No pictures in the copy. Write out the listing below exactly.
**** DATA SEGMENT ****
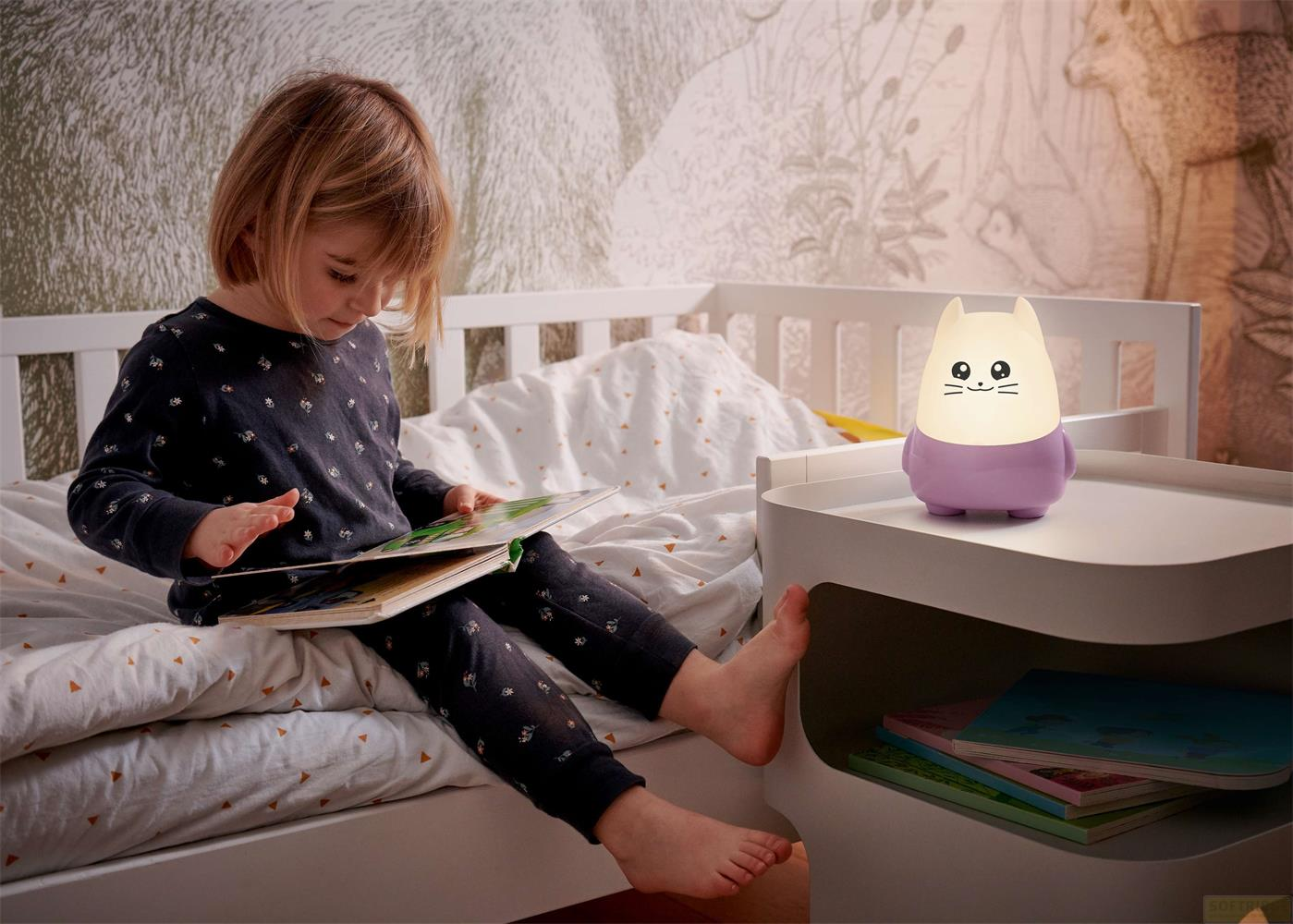 Une petite fille lit un livre au lit à côté d'une veilleuse chat.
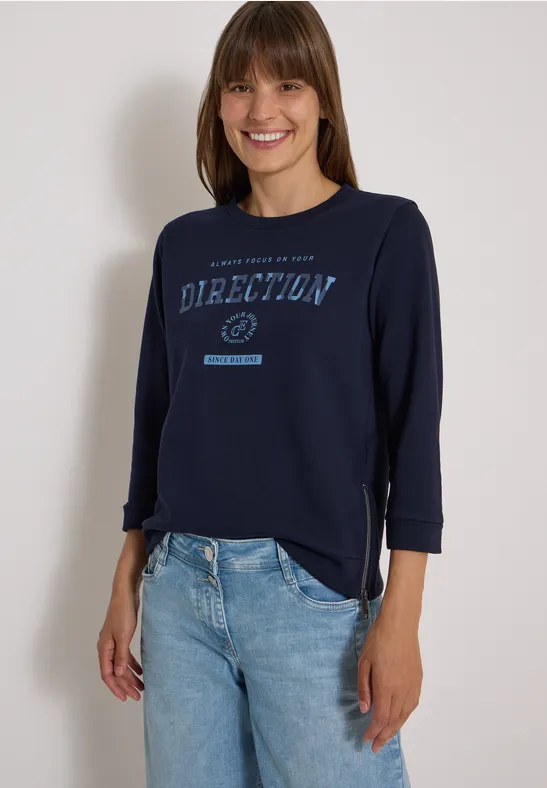 Frau in Jeans und dunkelblauem Shirt mit 'Direction'-Aufdruck, lächelnd vor hellem Hintergrund.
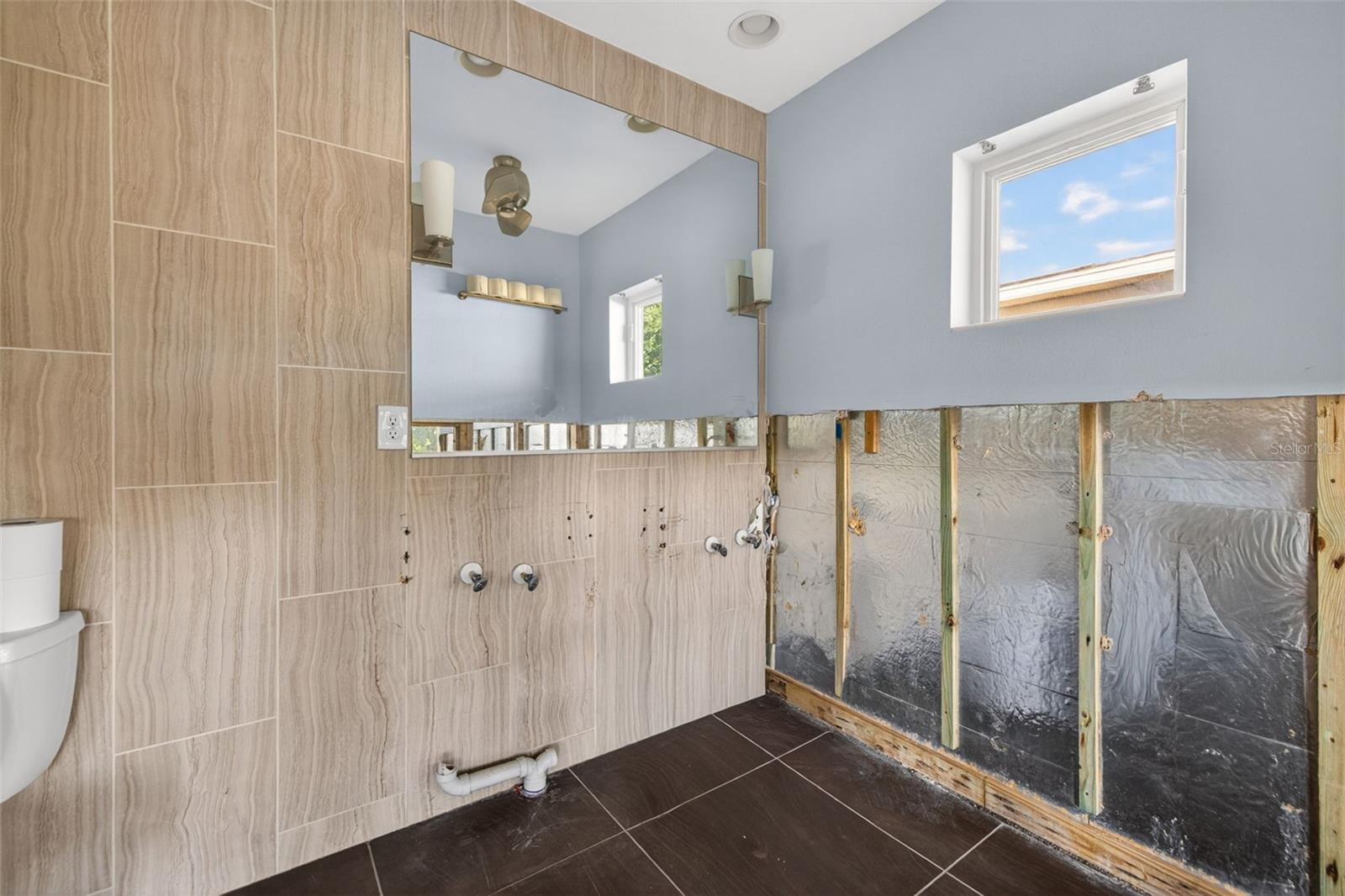 SUN-LIT SHORES - Residential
****
*OUTPUT FOR THIS EXERCISE*:
 Une petite fille lit un livre au lit à côté d'une veilleuse chat.
 Frau in Jeans und dunkelblauem Shirt mit 'Direction'-Aufdruck, lächelnd vor hellem Hintergrund.
 SUN-LIT SHORES - Residential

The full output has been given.